Originally from Chicago, Tim received his theatre training and a BA degree at Minnesota State University Moorhead, where he was a multi-year member of the fabulous Straw Hat Players summer theatre program. He earned a Juris Doctor degree from George Washington University Law School and is a member of the District of Columbia Bar, but he’s not pretentious, so you don’t have to add “Esq.” when you write to him.

In Springfield, Tim has previously appeared on stage as the Announcer in Dracula - A Radio Play, as Roy Wilkins in Robert Schenkkan’s All the Way, and as “Hoke” in the Spencer Theatre Company’s production of Driving Miss Daisy, all at Hoogland Center for the Arts. He has also acted in training videos for the Bunn Corporation. He has been on the Union Theater stage at the Abraham Lincoln Presidential Library and Museum in several readers-theatre events, including readings from Doris Kearns Goodwin’s Team of Rivals and Charles Dickens’ A Christmas Carol. Tim is proud to serve the Springfield arts community as a Hoogland Center for the Arts Trustee and as the Board of Trustees’ Diversity and Inclusivity Committee chairperson.

As a playwright, Tim’s recent accomplishments include having his short play, The Consultant from Hell, his 10-minute play BLT Matters, his Nice One-Act You Got Here, Be a Shame if Anything Happened to It, and the first draft of his full-length play, The Beatings Will Continue Until Morale Improves, performed as readings at the Valdez Theater Conference between 2018 and 2022. His Superhero Problems and Faith Lester is Married, Happily were performed as part of Anchorage Community Theater’s Virtual Short Play Festival in 2020. A 10-minute excerpt from The Beatings Will Continue Until Morale Improves had a staged reading as part of the Baltimore Playwrights Festival’s “Free Fall Baltimore” event in October 2021.

Before coming to Springfield, some of Tim’s credits include his one-act plays, Whatchu Mean We, White Man? and The Mor(al)e the Merrier, or How I Learned to Stop Worrying and Love Two-Day Meetings, which were performed in the Washington, D.C., area. He also directed sold-out performances of  Unintended Consequences: Three One-Act Comedies by Al Lefcowitz and Timothy Crawford for the 2008 Capital Fringe Festival in D.C. He directed acclaimed Baltimore-area premieres of both Fences by August Wilson and All in the Timing by David Ives. Those choice opportunities were offered to him after he twice directed new plays as part of the Baltimore Playwrights Festival.

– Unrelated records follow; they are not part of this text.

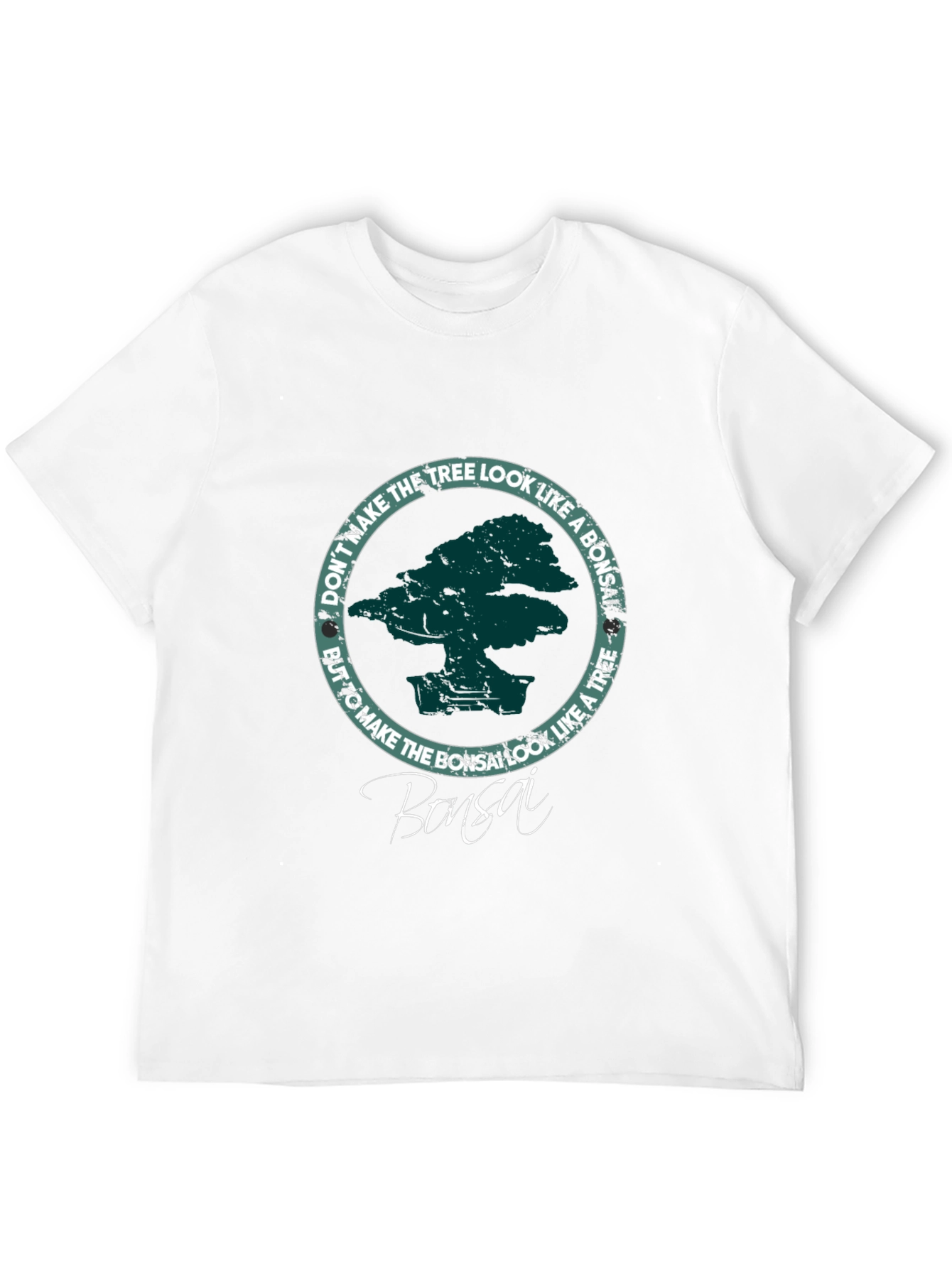 Bonsai Tree Graphic T-Shirt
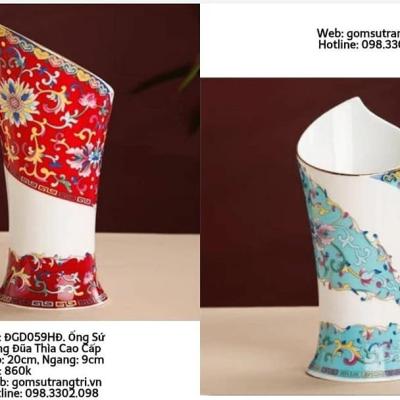 ỐNG SỨ ĐỰNG ĐŨA THÌA CAO CẤP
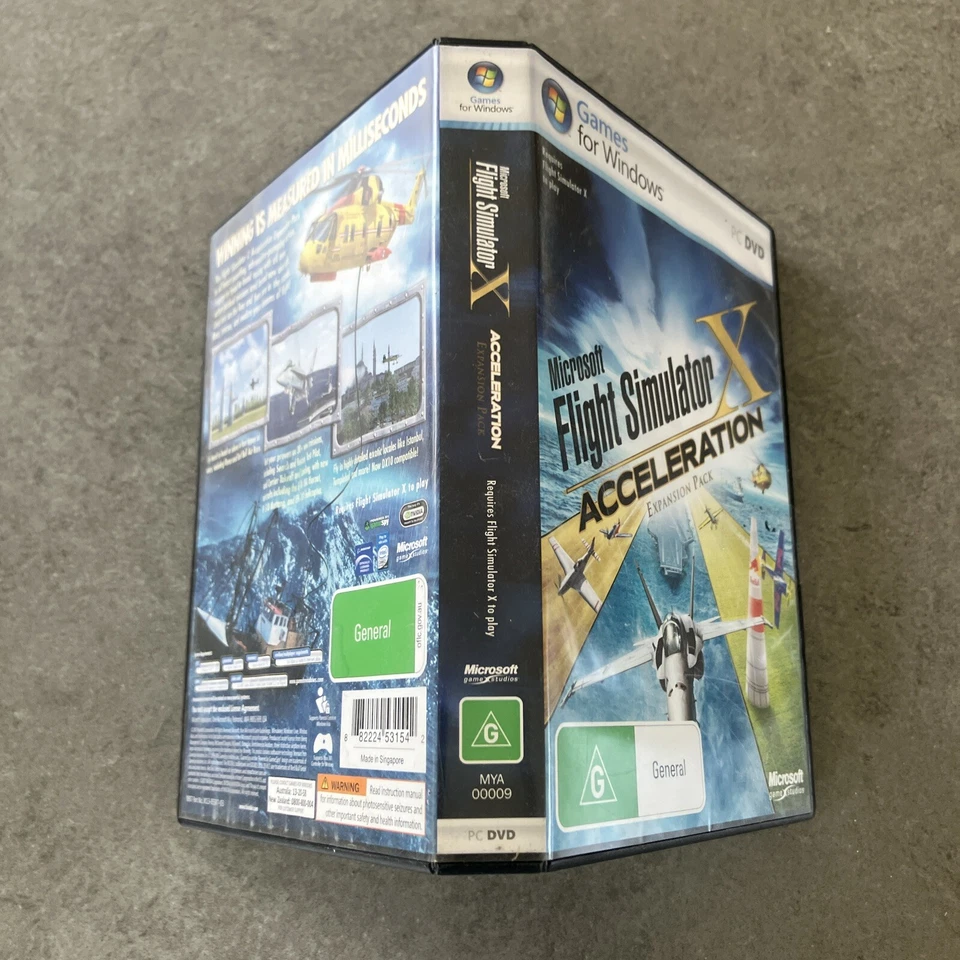 Microsoft Flight Simulator X: Acceleration Expansion Pack - PC CD-ROM [PAL] - Image 2 of 4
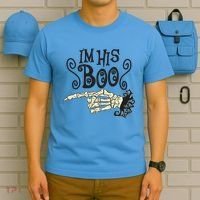 Funny Halloween I'm His Boo Matching Couple Shirts T-Shirt thumb 5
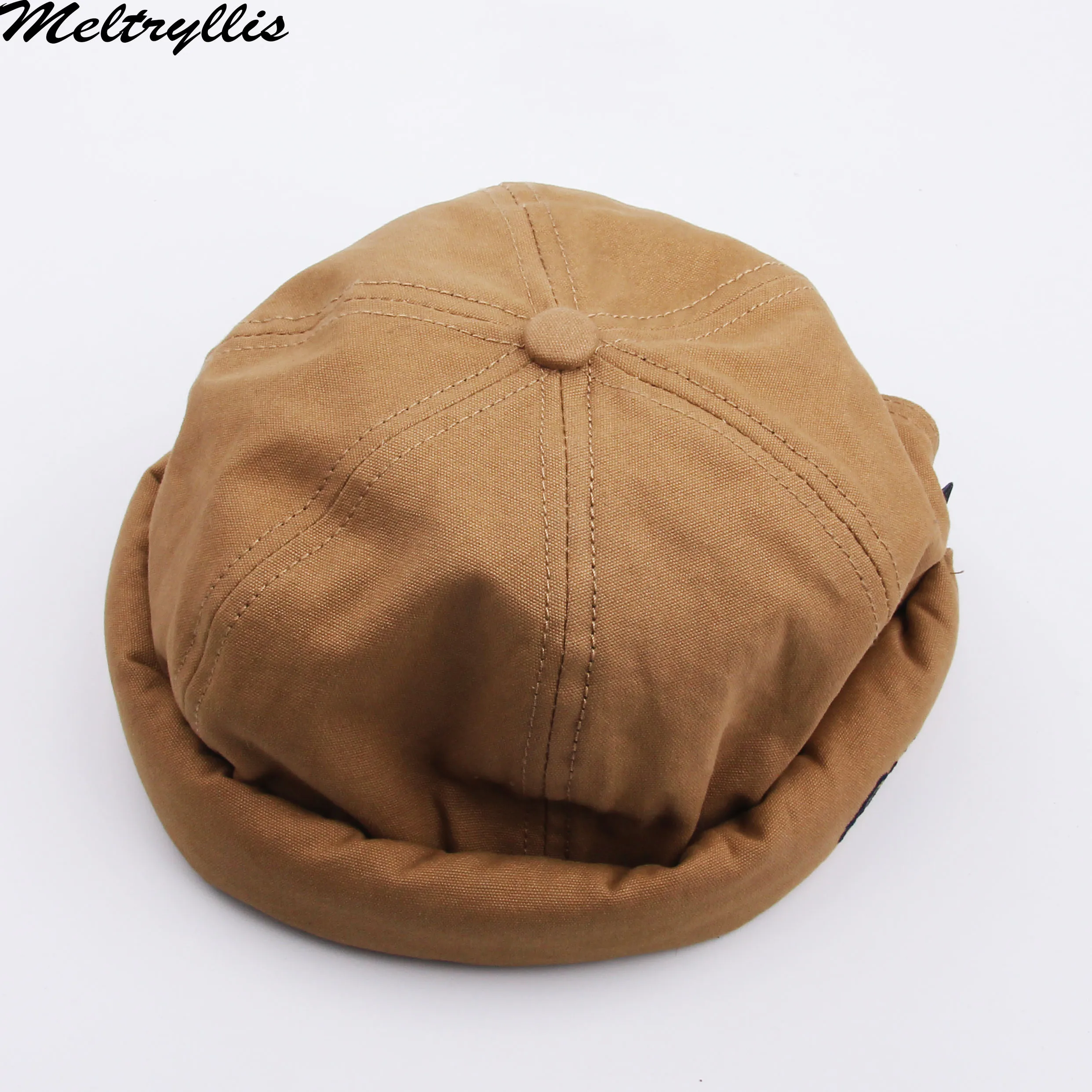[Meltryllis] модная повседневная мужская и женская кепка с черепом, Повседневная шапка Docker Sailor Mechanic Beanie без полей Gorro Pumpkin Master Hat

In spring 2023, Tim will be directing a Hoogland Center for the Arts production of Having Our Say: The Delaney Sisters’ First 100 Years, featuring Kathryn M. Harris and Patricia James Davis. This summer he plans to travel to the Valdez (AK) Theatre Conference for a reading of his new one-act play, No Champagne in the Champagne Room. As for projects beyond this artist-in-residency, Tim is fairly far along on his full-length, noir-ish mystery play, based on characters from his short play Fairly Accidental, and he is writing a screenplay for a short film based on his play Faith Lester Is Married, Happily, which he is also slated to direct some time in 2024.